Lee and O’Donnell are both native New Yorkers.
Even the mainstream media took issue with Lee, a longtime charlatan. NBC’s cultural critic cited Lee’s subpar journalistic standards, writing Sunday:
In some cases, though, Lee might have been better served by a more adversarial approach. Lee treats his interviewees as friends, and once you’re his friend, you can do no wrong. In the third episode, Lee asks former flight attendant Curtis Beatty about Flight 93, the fourth plane that was hijacked on 9/11. Beatty embraces that debunked version of events…Lee, as usual, does not press him, and no one is brought on to dispute his claim. Which means anyone foolish enough to watch the documentary is going to come away with the impression that the conspiracy theory is at least believable.
Left-wing Slate was harsher, saying Lee offered conspiracy theories “the biggest and most mainstream platform they’ve ever had, pointing their viewers directly toward a bog of heinously dangerous ideas.”
Raised comfortably middle class, Lee has made a fortune pushing divisive lies and capitalizing on tragedy for nearly four decades. He abhors and mocks any black person who doesn’t toe his Democrat-voting line and incites violence during tense times.

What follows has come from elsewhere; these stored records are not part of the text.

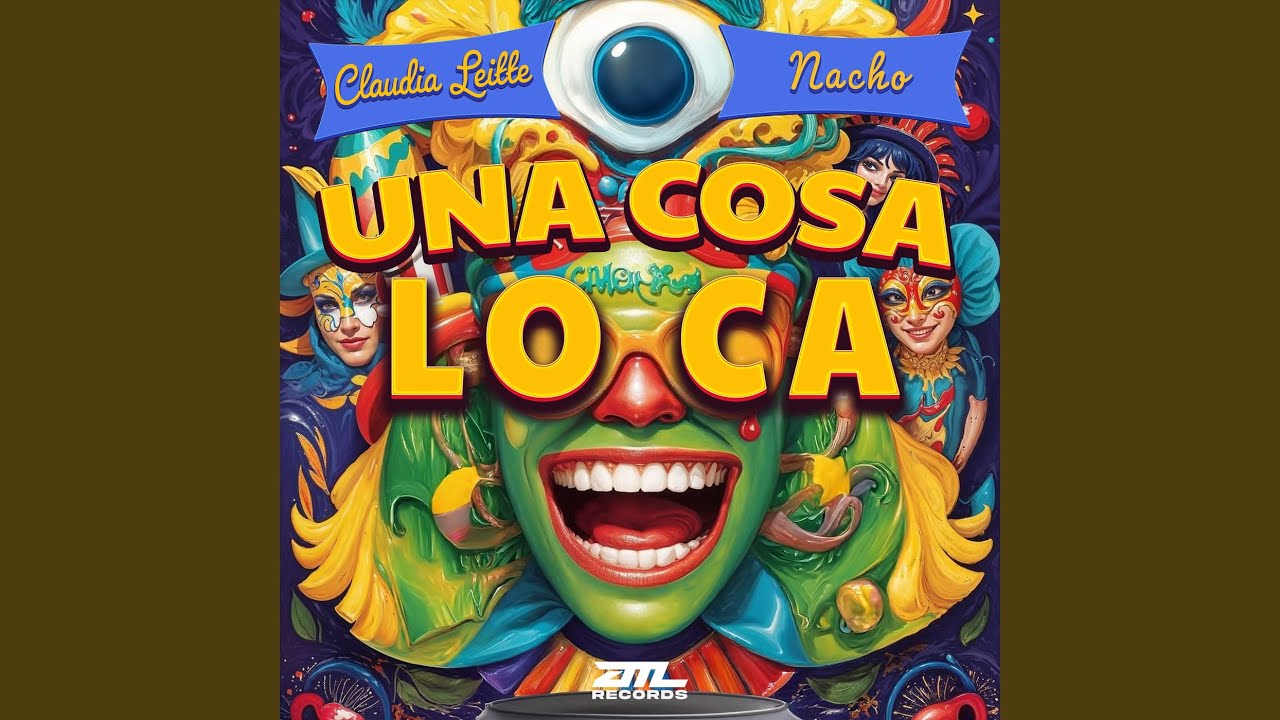 Una Cosa Loca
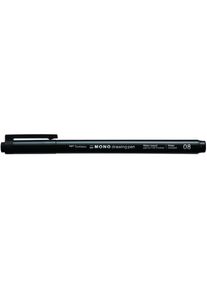 Tombow, Schreibstifte, Mono Drawing Pen (1x)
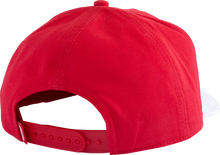 FMF Merican Hat - Red SU26196901RDOS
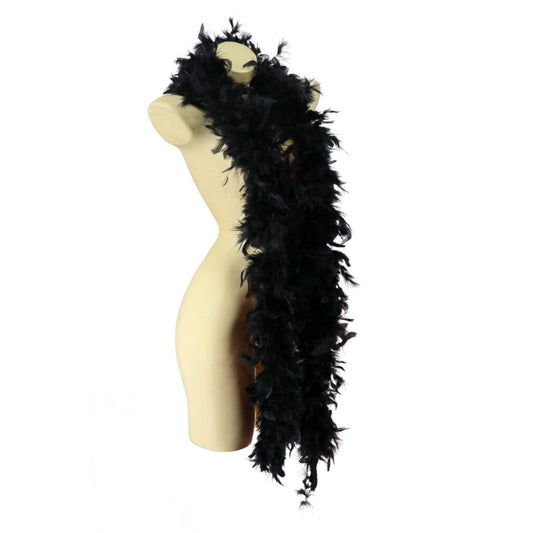 Feather Boa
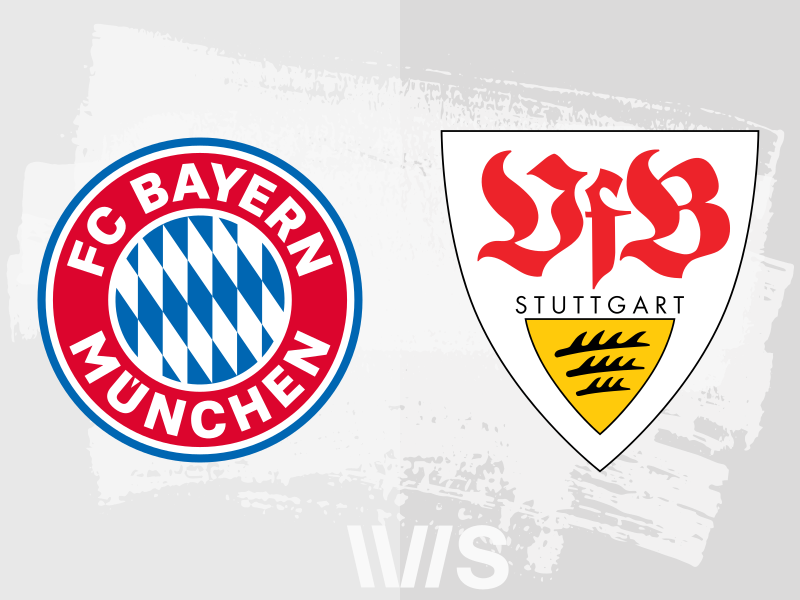 FC Bayern erleidet Niederlage und Doppelschock gegen VfB Stuttgart kurz vor dem Rückspiel gegen Real Madrid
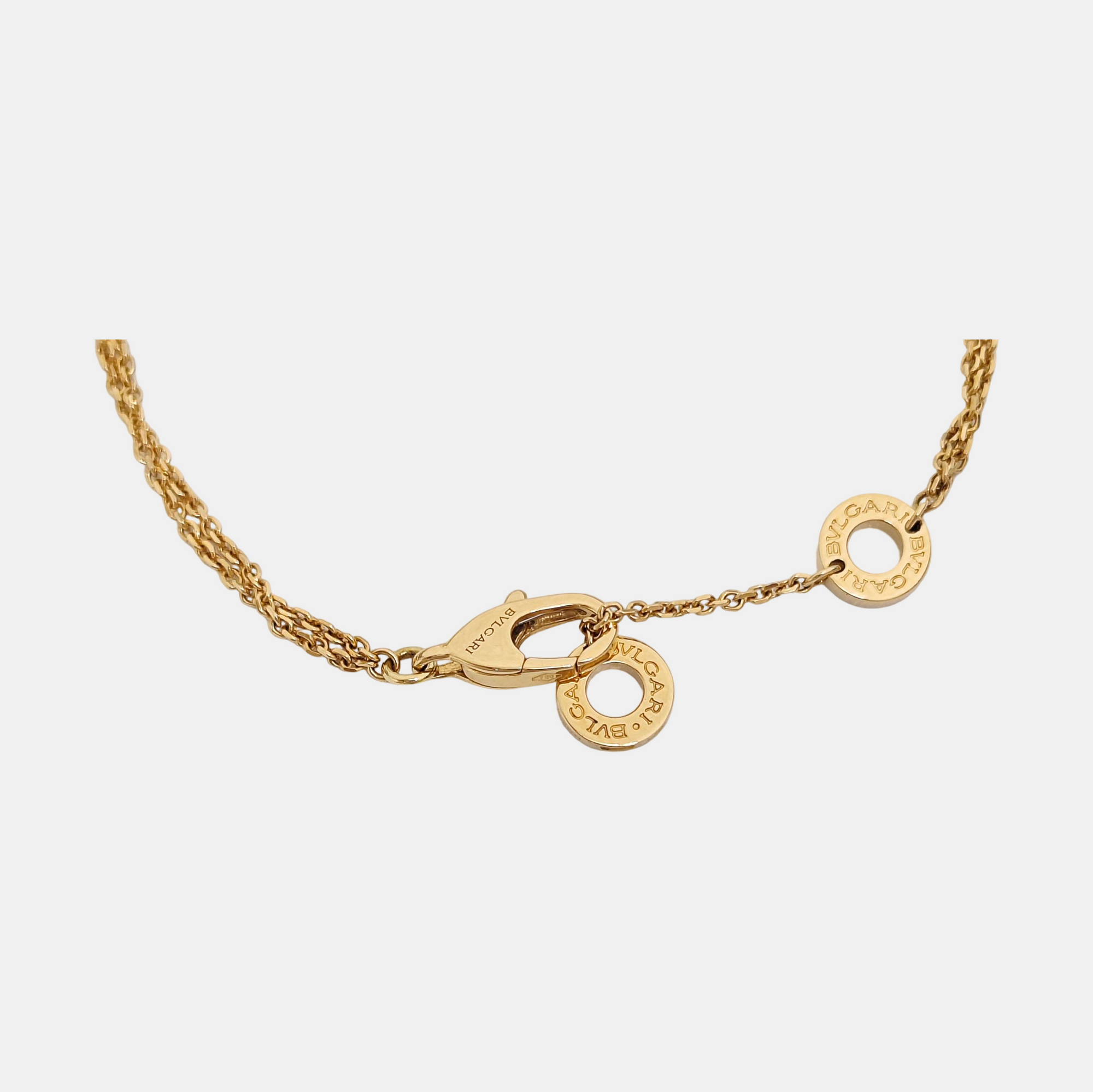 DIVAS' DREAM 18k Gold Bracelet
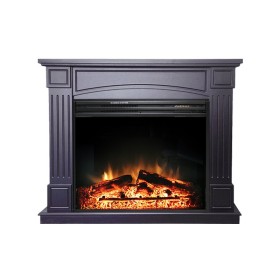 Каминокомплект Boston Венге с очагом Royal Flame Jupiter FX New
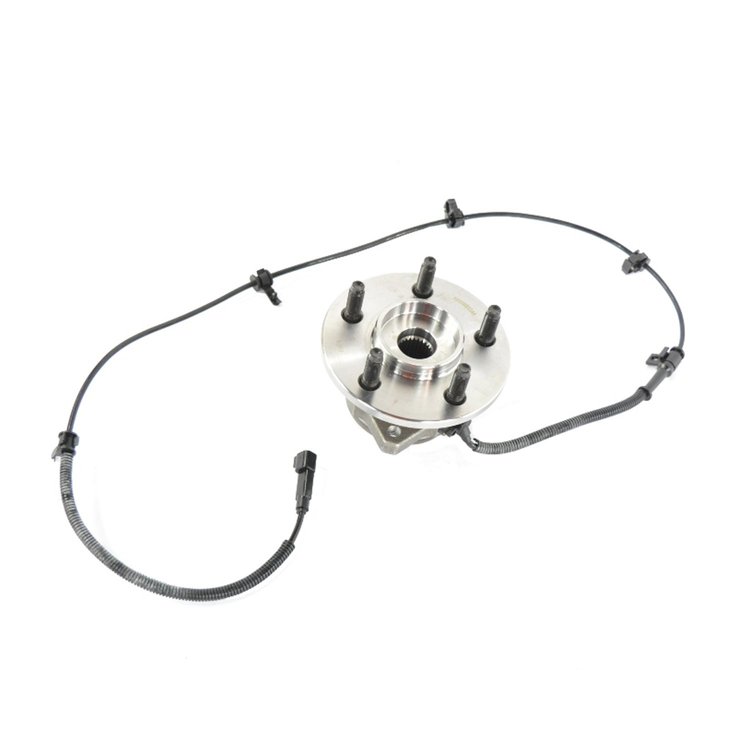 HUB&BEARING BRAKE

His 2006 documentary, “When the Levees Broke,” also accuses the U.S. government of intentionally dynamiting the levees “to displace all the Black people out of New Orleans” in order to save “rich white neighborhoods” from flooding. Despite hurricanes, violence, and abortions, New Orleans is around 60 percent black today, as it was 20 years ago.
Even nearing age 65, Sheldon Lee remains a petulant, prevaricating bigot.